The whole nerve potential or compound action potential (CAP) is recorded extracellularly from an electrically stimulated nerve and is the sum of the signals produced by each of the individual action potentials of the axons forming the nerve. (Figure 4.3) The mixed nerve (afferent and efferent axons) compound action potential has three prominent peaks that are called A, B and C. The conduction velocity of an axon determines the axon's contribution to the compound action potential peaks. Specifically, the faster the axon conduction velocity, the shorter the latency of axon response and the greater the axon's contribution to the shorter latency peaks (e.g., compare columns CAP Peak and Conduction Velocity in Table I). The axons contributing to a given compound action potential peak (e.g., peak A) are named according to the peak name (e.g., Type A axon). When the relative amplitudes of the peaks differ from those generated by "normal" nerves, the types of damaged axons can be assessed by determining which peaks are abnormal. Consequently, the compound action potential is used clinically to detect nerve damage and to monitor the progress of the regeneration of damaged nerves.

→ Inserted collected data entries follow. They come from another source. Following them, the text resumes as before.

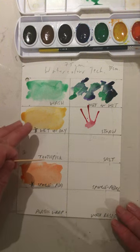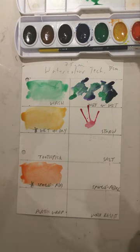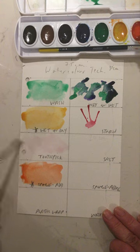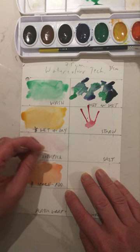I'm still waiting for my wash to dry for the wet-on-dry and the sponge additive, so I'm going to move ahead to the toothpick technique. Here again, you're starting out with a layer of clean water — mine is not so clean at the moment — and then you're sort of just incising the paper.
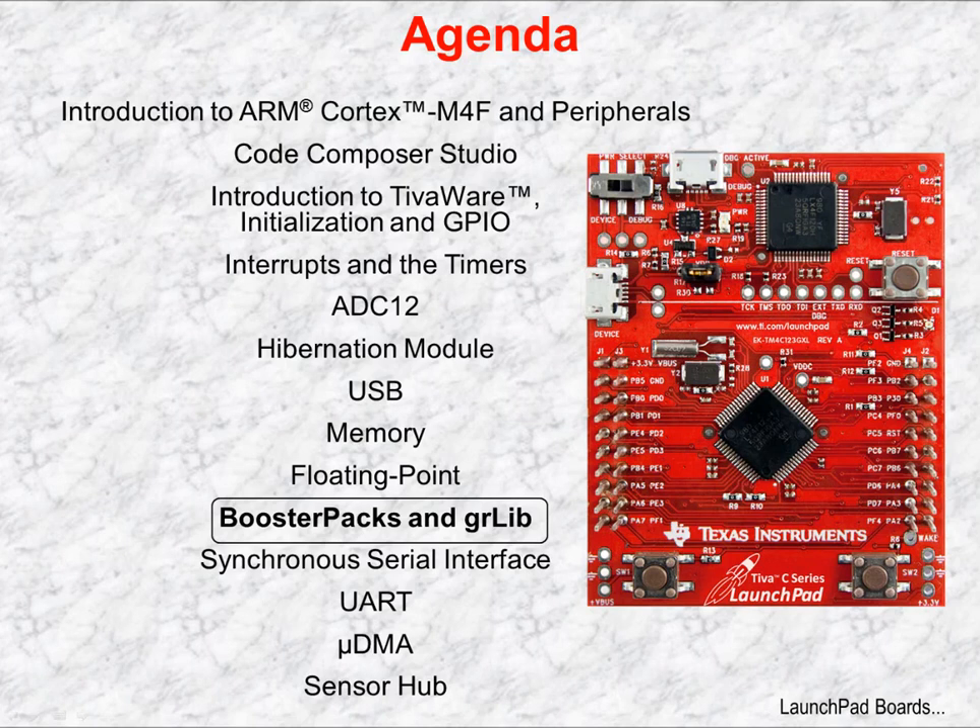The Launchpad design, first implemented with the MSP430, has been a success because of two major factors: it's inexpensive, and it's expandable. Expansion is accomplished through the BoosterPak connector. The Teva Launchpad implements an upgraded version called BoosterPak XL. Texas Instruments offers some BoosterPak kits, but many more are offered by third parties. One of those third parties is Kentec, and you'll be using their LCD Touchscreen BoosterPak in the lab.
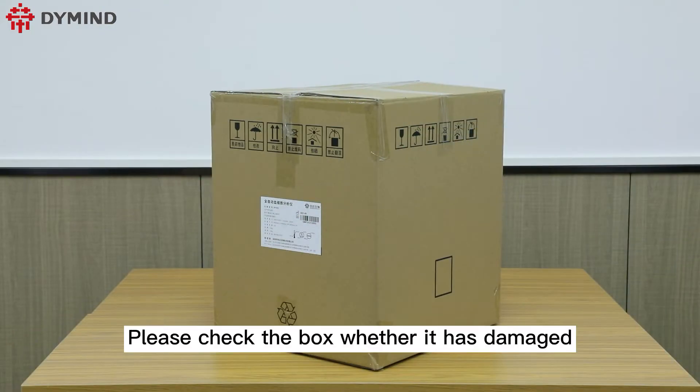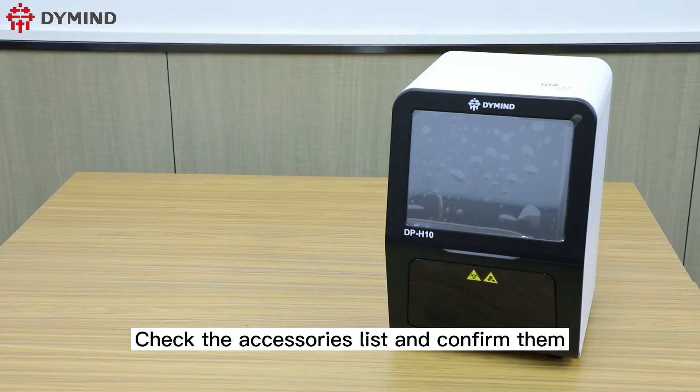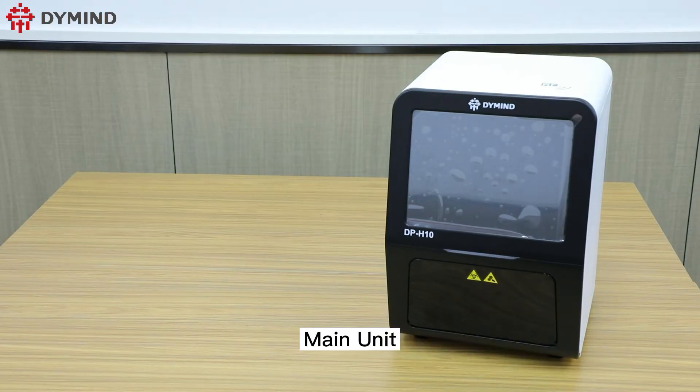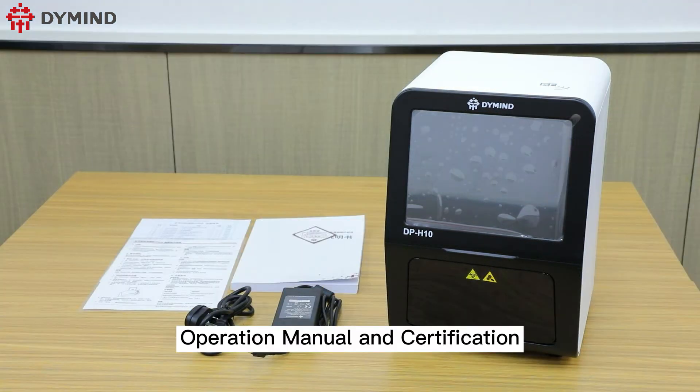Please check the box to confirm whether it is damaged. Check the accessories list and confirm them: main unit, power cable, operation manual, and certification.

Figure 4.3 The whole nerve potential (aka compound action potential or CAP) recorded from a peripheral nerve in response to electrical stimulation of the nerve. (A)The compound action potential is recorded proximal to an electrical stimulus delivered to a peripheral nerve. (B) The fiber type based on the compound action potential peaks. (C) The voltage change (compound action potential) recorded proximal to the stimulating electrode is plotted as a function of time (in msec) following the electrical stimulus pulse. Also noted along the abscissa (at each arrow) is the axon diameter (in micrometers) of axons contributing to the peaks in the whole nerve potential.

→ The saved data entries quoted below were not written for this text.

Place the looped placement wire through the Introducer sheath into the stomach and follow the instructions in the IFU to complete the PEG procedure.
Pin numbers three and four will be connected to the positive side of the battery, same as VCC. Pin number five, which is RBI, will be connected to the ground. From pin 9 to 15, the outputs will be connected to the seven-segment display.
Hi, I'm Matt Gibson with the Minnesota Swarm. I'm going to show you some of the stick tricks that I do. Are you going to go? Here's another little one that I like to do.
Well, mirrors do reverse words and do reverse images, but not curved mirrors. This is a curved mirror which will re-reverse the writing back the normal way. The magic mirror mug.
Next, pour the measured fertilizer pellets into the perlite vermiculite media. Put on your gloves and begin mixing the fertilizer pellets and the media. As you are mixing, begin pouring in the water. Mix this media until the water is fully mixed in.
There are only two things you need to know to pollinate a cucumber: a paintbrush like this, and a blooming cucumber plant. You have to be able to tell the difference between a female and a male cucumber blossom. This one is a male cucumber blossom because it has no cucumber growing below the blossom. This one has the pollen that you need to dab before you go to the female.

Table I Somatosensory Receptors and their Peripheral Axons
Receptor Type	Axon3 Group	CAP Peak	Conduction Velocity	Axon Diameter	Information Processed
Muscle Spindle: Annulospiral endings	1a	Aα	70-120 m/sec	1-20 μM	Muscle length and velocity
Muscle Spindle: Flower Spray endings	II	Aβ	30-70 m/sec	6-12 μM	Muscle length
Golgi Tendon Organ	Ib	Aα	70-120 m/sec	12-20 μM	Muscle tension
Joint: Pacinian	II	Aβ	30-70 m/sec	6-12 μM	Joint movement
Joint: Ruffini	II	Aβ	30-70 m/sec	6-12 μM	Joint angle
Joint: Golgi Tendon Organ	II	Aβ	30-70 m/sec	6-12 μM	Joint torque
Meissner corpuscle	II	Aβ	30-70 m/sec	6-12 μM	Touch, flitter or movement
Pacinian corpuscle	II	Aβ	30-70 m/sec	6-12 μM	Vibration
Ruffini corpuscle	II	Aβ	30-70 m/sec	6-12 μM	Skin stretch
Hair follicle	II & III	Aβ & Aδ	10-70 m/sec	2-12 μM	Touch movement
Merkel complex	II	Aβ	30-70 m/sec	6-12 μM	Fine touch
Free Nerve endings	III	Aδ	5-30 m/sec	1-6 μM	Sharp pain or cool/cold
Free nerve endings	IV	C	0.5-2 m/sec	<1.5 μM	Dull or aching pain, or touch or warm

For historical reasons, the terminology based on axon conduction velocity (Group I, II, III and IV) is used for afferent and efferent axons innervating muscles and tendons. And the terminology based on the compound action potential (Type A, B or C) is used for afferent axons innervating the skin, joints and viscera.

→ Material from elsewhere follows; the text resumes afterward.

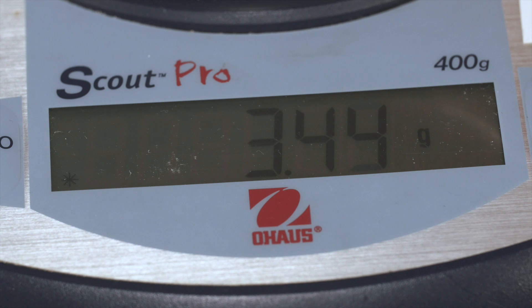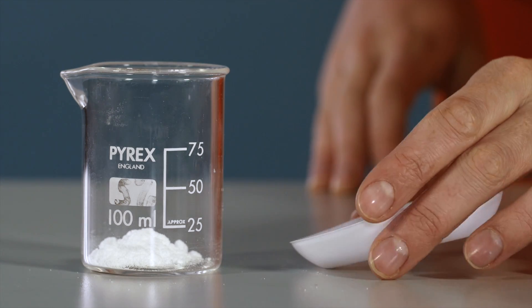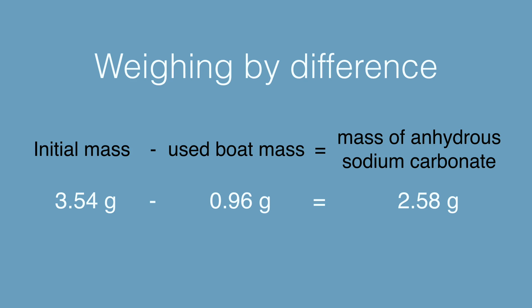Record the mass of the sodium carbonate with the weighing boat. Transfer this solid to a 100 centimetre cubed beaker. Re-weigh and record the mass of the used boat. Using these measurements, you can calculate the exact mass of anhydrous sodium carbonate.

Note that the fastest conducting somatosensory 1° afferents (Group Ia) innervate skeletal muscle and the slowest (C-fibers) form the receptors of the pain systems. While one might expect painful, tissue damaging stimuli to have priority over all other somatosensory stimuli, the afferent information required to control the reaction to the painful stimuli are conveyed by the faster conducting muscle and joint afferents. Even afferents providing more exact information about the location of a cutaneous stimulus, the Aβ axons, conduct at a faster rate than the Aδ and C axons carrying information about painful stimuli.